In the entries that follow, repeat exactly the lines from the one that has "Sản xuất công" through the one that has "以竞赛为载体，激发书写兴趣，树立学习自信——记青山泉镇中心小学英语书写比赛", but omit pictures.

Record extracts:
* * *
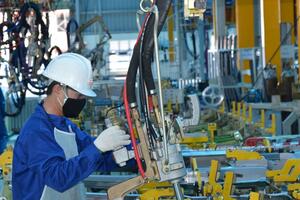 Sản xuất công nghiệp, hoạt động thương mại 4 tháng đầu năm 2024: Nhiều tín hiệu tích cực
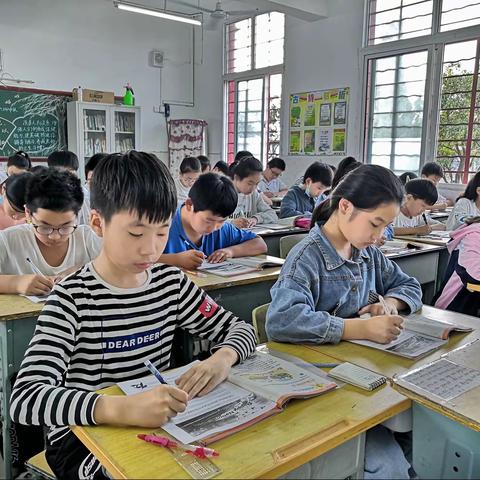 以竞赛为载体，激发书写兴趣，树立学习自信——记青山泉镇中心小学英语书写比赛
* * *
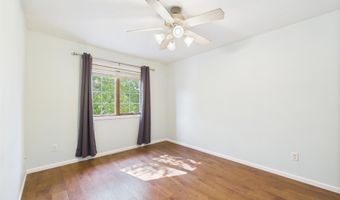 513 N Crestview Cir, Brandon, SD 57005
* * *
Response area:
 Sản xuất công nghiệp, hoạt động thương mại 4 tháng đầu năm 2024: Nhiều tín hiệu tích cực
 以竞赛为载体，激发书写兴趣，树立学习自信——记青山泉镇中心小学英语书写比赛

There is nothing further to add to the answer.